Our title, ‘So This Is Christmas’ was taken from John Lennon’s Happy Christmas (War is Over) – co-incidentally very timely as the 30th anniversary of his death fell in the week before the concert – so a hasty order for the band arrangement was made and the piece rehearsed to groans of ‘cheesey’ and ‘boring’ from players. With a bit of polishing up of old favourites and carols, and rehearsal of a couple more new pieces, the programme was sorted.

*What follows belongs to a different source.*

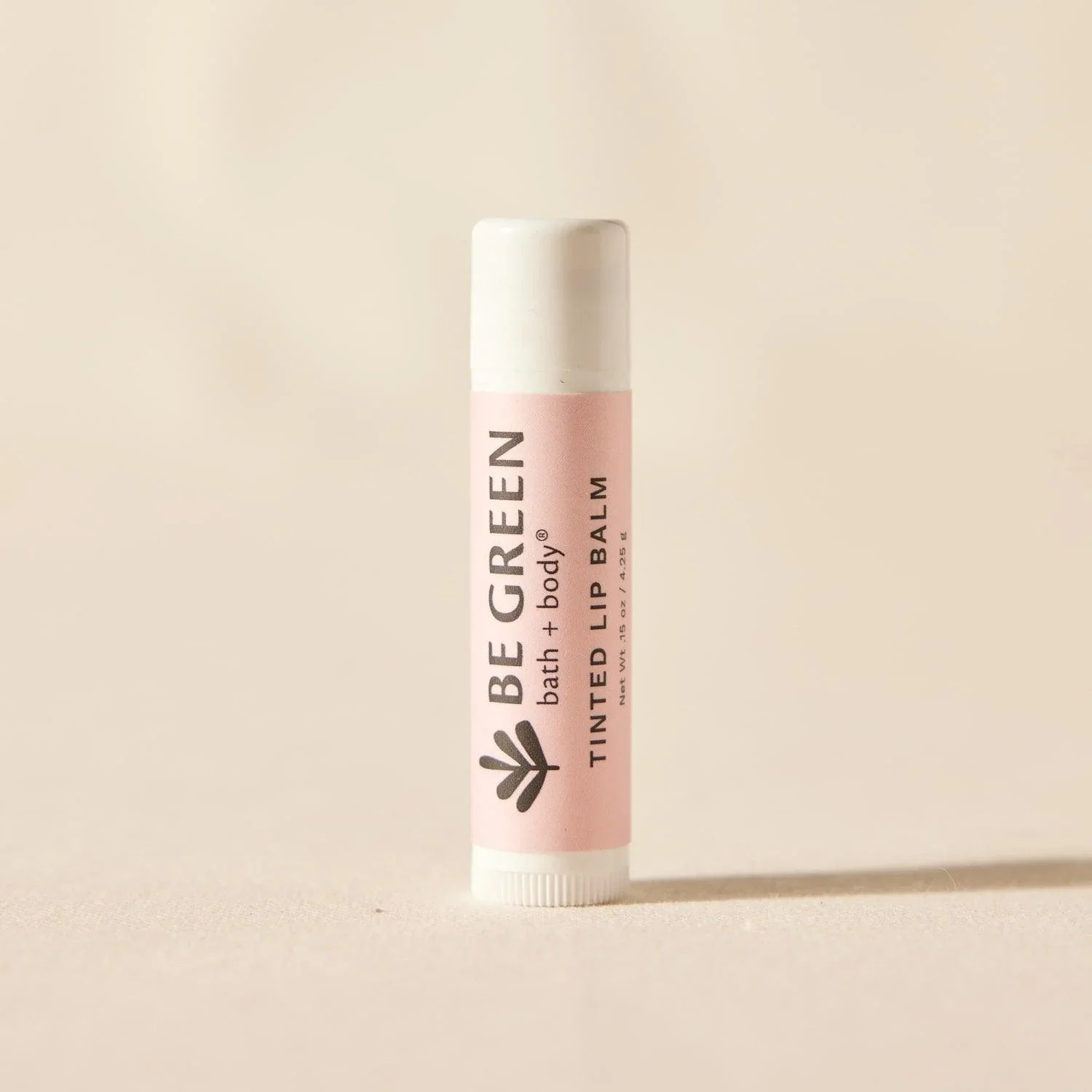 Organic tinted lip balm with cap on.  EWG Verified.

The chaos that is front of house on a sell-out concert night as tickets are checked, programmes and raffle tickets sold and audience members scramble for the best seats, finally abated and at last the curtains opened as the band struck up with Stephen Bulla’s Proclamation of Christmas to open the show. Guest compere Mark Ponsford welcomed the audience, introduced the Lennon piece that our title was taken from and in a moment of pure concert magic, the ‘boring, cheesey’ piece came alive and completely won over band and audience alike. With plenty of audience participation in carol singing, Schnee-waltzing and Christmas Swingalong-ing, the first half rattled past with alarming speed and, in a little over 30 minutes, Sam Fonteyn’s Pop Looks Bach (The Ski Sunday Theme) brought us to the interval.
After hasty interval discussions on how to ‘pad-out’ the second half with an extra piece (or two) and the offer of some filling from compere Mark, Chairman Adam Smith and yours truly grabbed the limelight to complete the secret Santa raffle. With Adam displaying a hitherto un-tapped talent for extremely corny jokes and having the audience eating out of his hand, the draw passed off without confusion or controversy – little short of a Christmas miracle! In true Eric Morecombe fashion, Adam fought his way back through the stage curtain to re-take his seat on the horn bench.

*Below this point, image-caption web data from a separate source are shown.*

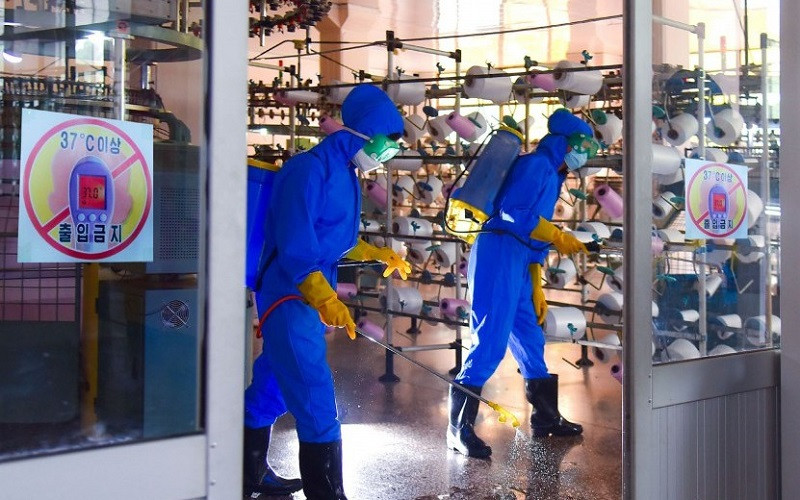 Phun khử khuẩn nhà xưởng sản xuất ở Triều Tiên. (Ảnh: KCNA)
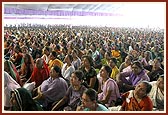 Women devotees during the evening assembly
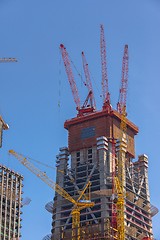 Image showing Construction of skyscrapers under blue sky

Rodney Newton’s ‘Acid Brass’ arrangement of the traditional carol Gaudete heralded the opening of the second half, before the haunting Parafrase (for Euphonium and Brass Band), a beautiful arrangement of Away in a Manger featuring Richard Boler on euphonium, quietened things down in readiness for our poetry feature. I have to confess to having my fingers crossed as Mark introduced Annie Reilly and the band struck up with The Night Before Christmas – how wrong I was to worry! The band played beautifully and sympathetically around Annie’s enchanting reading of the words known to children the world over and to an enthralled audience. Several members of the audience confessed to shedding a tear as they remembered their own, their children’s, and their grandchildren’s love of Clement C. Moore’s poem – the very essence of Christmas to so many.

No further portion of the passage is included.